The school decided put more of a burden on out-of-state students to make up a $10.7 million budget gap due to higher employee salaries, and retirement and health insurance costs, USC president Harris Pastides said. Out-of-state students account for 12 percent of the student body on the Columbia campus.
“It’s a trade-off,” Pastides said. “We wanted to demonstrate that we do get state support, and so we’re going to be a little bit better to our in-state residents.”
Pastides said USC could hold off bigger tuition hikes if the General Assembly approves a performance-based funding plan that would give USC additional money because it meets state guidelines for fiscal responsibility and educating more South Carolinians.
“We are holding the dam. We can hold it this way this year,” Pastides said. “If next year there is some hope of real reform, we would love nothing more than to be able to have tuition increases this low or lower.”
Two other four-year USC campuses, Aiken and Upstate, also will have 3.15 percent hikes for in-state students.
But USC Beaufort students will see their tuition increase by 4.9 percent, or $200 for the year, because of lower state appropriations and lower pricing, Brunelli said. Beaufort’s annual tuition last year was $600 less than Aiken and $1,300 less than Upstate.
Over the past 10 years, USC’s tuition increases have ranged from 3.6 to 15 percent, according to S.C. Commission on Higher Education data. Tuition has more than doubled since 2002, when in-state students paid $5,024.

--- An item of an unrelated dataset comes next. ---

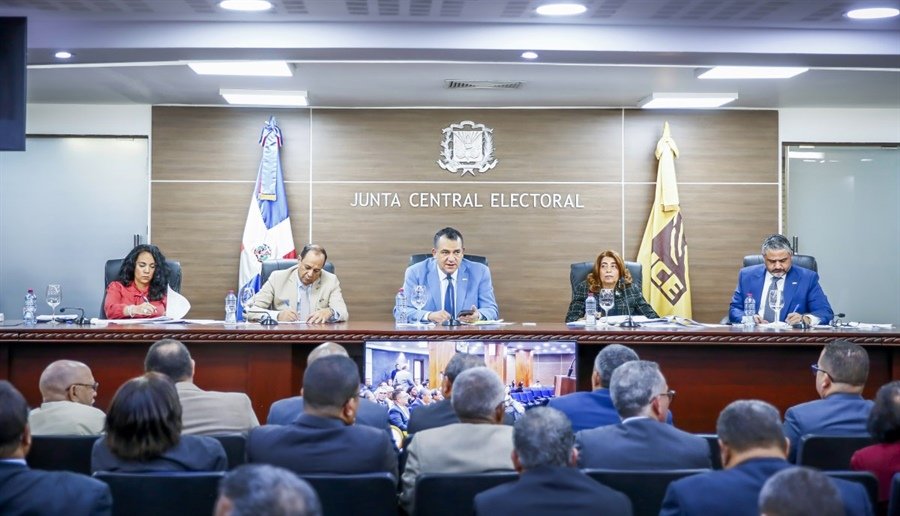 JCE advierte sobre otro recorte a los partidos y cuestiona el cruce entre Presupuesto y ley electoral: puntos clave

Most state schools – including Clemson, Winthrop and College of Charleston – have announced in-state tuition hikes of about 3 percent for next year. Those are decade lows, according to state data.
S.C. State and Coastal Carolina will not charge more for tuition for 2012-13. Coastal Carolina, however, is offering a one-time $100 credit for in-state students next year, which lowers tuition at the Conway school by 1 percent from 2011-12.
State taxpayer funding of USC Columbia has fallen to $90 million from $230 million since 2008. The school has brought in extra revenue by increasing the size of its incoming classes by more than 900 freshmen a year and hiking total enrollment by nearly 3,500 students.
USC has no plans to increase the freshman class past last year’s record of 4,636. But its enrollment will continue to grow as the larger freshmen classes move through the university.
The proposed tuition increases will become final when the full USC Board of Trustees meets on June 29. The board’s executive committee approved the tuition hike on Friday.